# Retrieving Data 

1. The Data will be retrieved using reddit praw, the data will be found through going through reddit's 25 most popular story telling subreddits
2. The retrieved data will include for each instance of a post: 
    - id: to keep track
    - title: first taste of the story
    - the story within the post: main point of analysis
    - the time it was created: time of story post might be related to success of story
    - the subreddit it was made within: the followers of each subreddit could cause more success
    - number of comments: more conversation means better story
    - upvote amount: more upvotes means better story as well
    - upvote ratio: important to understand downvotes which a marker for poor story telling
3. For each subreddit, we will aim towards getting 1000 posts but sometimes reddit does not allow for that amount, but it will be about 25,000 posts from 25 unique subreddits

In [12]:
import praw
import time
import pandas as pd

from textblob import TextBlob
reddit = praw.Reddit(
    client_id= input("Enter client_id: "),
    client_secret= input("Enter client_secret: "),
    user_agent="stories",
)


In [2]:
subreddits = [
    "TIFU", "IAmA", "relationships", "nosleep", "prorevenge",
    "casualconversation", "personalfinance", "confession", "MaliciousCompliance",
    "AmItheAsshole", "JustNoMIL", "creepypasta",
    "shortscarystories", "ScaryStories", "Paranormal",
    "UnresolvedMysteries", "TalesFromRetail", "TalesFromTechSupport",
    "TalesFromYourServer", "TalesFromTheFrontDesk", "TalesFromTheCustomer",
    "TalesFromThePharmacy", "TalesFromThePizzaGuy", "TalesFromCallCenters",
    "TalesFromTheSquadCar"
]


attributes = [
    'id', 'title', 'selftext', 'created_utc', 'subreddit',
    'num_comments', 'score', 'upvote_ratio'
]

In [3]:
def get_data():
    data = []

    for subreddit in subreddits:
        current = reddit.subreddit(subreddit)
        for post in current.top(limit=1000):
            post_data = {attr: getattr(post, attr, None) for attr in attributes}
            data.append(post_data)
        time.sleep(60)
        
    return data

# Cleaning the Data

In [5]:
import os

if os.path.exists('stories.csv'):
    df = pd.read_csv('stories.csv')
else: 
    df = pd.DataFrame(get_data())
    df.set_index('id', inplace=True)

In [14]:
from datetime import datetime
from textblob import TextBlob
import re 
import textstat

def calculate_downvotes(upvotes, upvote_ratio):
      return round(upvotes/upvote_ratio - upvotes)

def convert_to_time(str):
      return datetime.strptime(str, "%H:%M")
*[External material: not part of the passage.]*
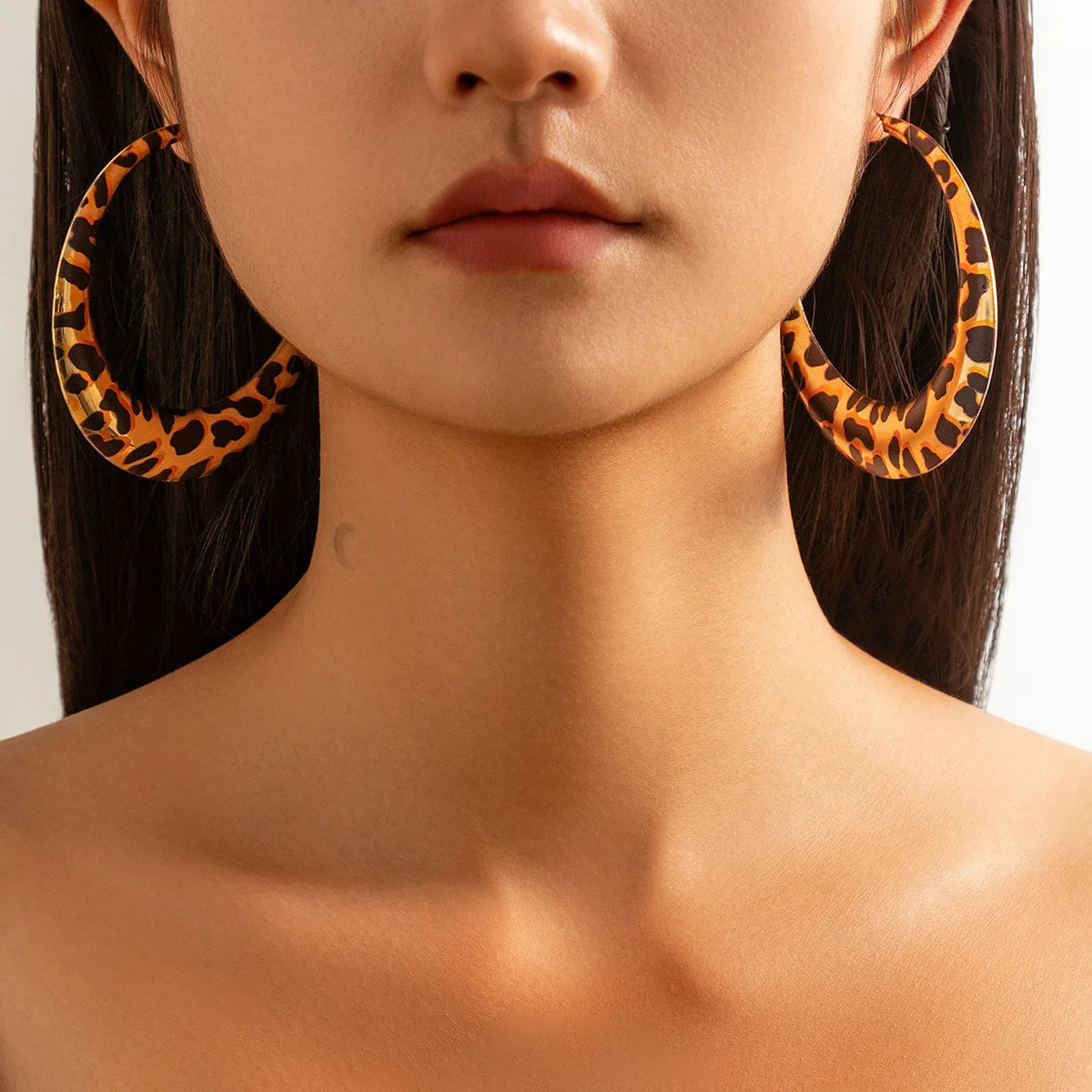 Retro Hollow Leopard Print Large Circle Women's Spicy Girl Design Earrings Exaggerated Geometric Perforated Earrings Jewelry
def handle_date(created_time):
      dt = datetime.fromtimestamp(created_time)
      
      date = f"{str(dt.month).zfill(2)}-{str(dt.day).zfill(2)}-{dt.year}"
      time_of_day = convert_to_time(dt.strftime("%H:%M"))
      
      if convert_to_time("00:00") < time_of_day < convert_to_time("04:59"):
            time_of_day = "Midnight"
      elif convert_to_time("05:00") < time_of_day < convert_to_time("05:59"):
            time_of_day = "Dawn"
      elif convert_to_time("06:00") < time_of_day < convert_to_time("11:59"):
            time_of_day = "Morning"
      elif convert_to_time("12:00") < time_of_day < convert_to_time("12:59"):
            time_of_day = "Noon"
      elif convert_to_time("13:00") < time_of_day < convert_to_time("16:59"):
            time_of_day = "Afternoon"
      elif convert_to_time("17:00") < time_of_day < convert_to_time("18:59"):
            time_of_day = "Evening"
      else:
            time_of_day = "Night"

      return {"date": date, "time_of_day": time_of_day}

def get_word_list(str):
      return re.findall(r"\b\w[\w'-]*\b", str)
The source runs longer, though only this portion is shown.